The Vasquezes contend that this reasoning “suggests the analogy of someone being ‘a little bit pregnant.’ ” Specifically, they maintain that the difference in the delay does not adequately distinguish Bell because an act must be either wrongful or not wrongful at the time it was done. In their words, “The passage of time does not alter the character of those acts.”
We reiterate that by our holding, we do not mean to defend the defendants’ actions. The deplorable nature of their conduct is without question. Nevertheless, though the Vasquezes are correct in their assertion that the wrongfulness of an act is judged at the time it is done, the constitutionality of that act may indeed depend on other contextual factors including the passage of time. “Not every act of deception in connection with a judicial proceeding gives rise [to a constitutional action].” Id. at 1265. The Vasquezes’ constitutional rights were ultimately preserved in this case. The cornerstone of our decision in Bell was that the conspiracy had prevented a full and open disclosure of facts crucial to the cause of action, rendering hollow the plaintiffs’ right of access. In this case, the cover-up failed to achieve such ends. There are no allegations claiming that the Vasquezes have been prevented from pursuing a tort action in state court or that the value of such an action has been reduced by the cover-up. We agree, therefore, with the district court in holding that the delay caused by the defendants’ alleged conspiracy failed to deprive the Vas-quezes of their right to access.

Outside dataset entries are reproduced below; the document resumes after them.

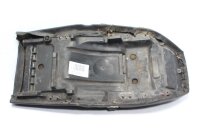 Bænksædehynde Yamaha XJ 750 Seca 11M 84-84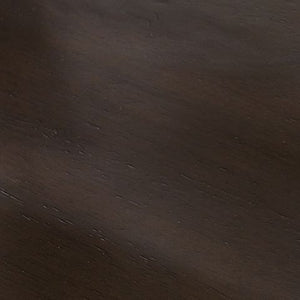 Darborn - Gray / Brown - Dining Room Side Chair (Set of 2)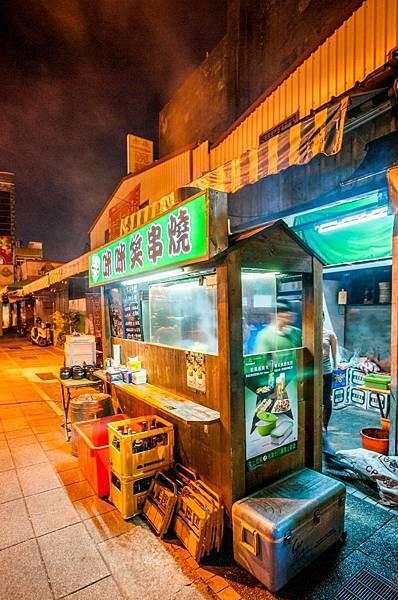 DSC02984.jpg DSC02984.jpg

Having determined that the Vasquezes failed to sufficiently demonstrate a constitutional injury, we need not address alternative arguments which the defendants offer in defense of the decision below. The district court’s holding is, therefore,
AFFIRMED.
. This group consists of Charles Hernandez, Robert Kiemey, Jackie Lee Dukes, Daniel DiMenna, Joseph Sirgedas, and George Janecek.

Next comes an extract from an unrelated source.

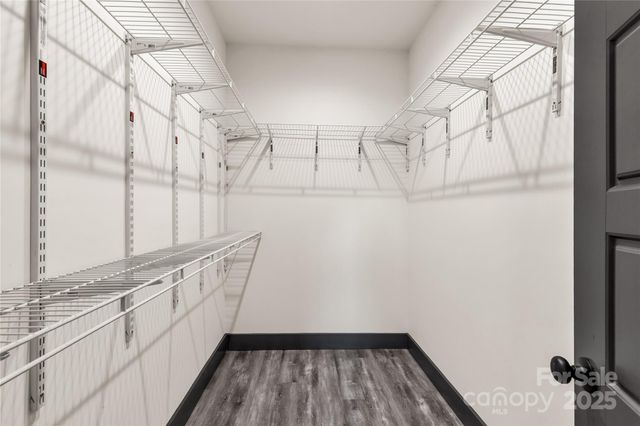 113-C Brookwood Street, Chester, SC 29706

. Comprising the second group of defendants are William Pfleffer, Stephen Gratace, Jerry Eijavec, Anthony Iniquez, Howard Hatton, and Bruno Jankauskas.
. Because the district court's order failed to grant summary judgment in favor of the defendant Jackie Lee Dukes, we requested that the parties address the issue of whether we had jurisdiction over this appeal. In the interim, the district court issued a nunc pro tunc order clarifying its earlier order and granting summary judgment in Dukes's favor. A district court may issue an order of clarification nunc pro tunc after a notice of appeal has been filed without robbing this court of its jurisdiction. Local 1545, United Mine Workers of America v. Inland Steel Coal Co., 876 F.2d 1288, 1291-92 n. 4 (7th Cir.1989). Jurisdiction is, therefore, intact. Nevertheless, the Vasquezes have moved to dismiss Dukes from this appeal, and since there is no objection to such a dismissal, the motion is granted.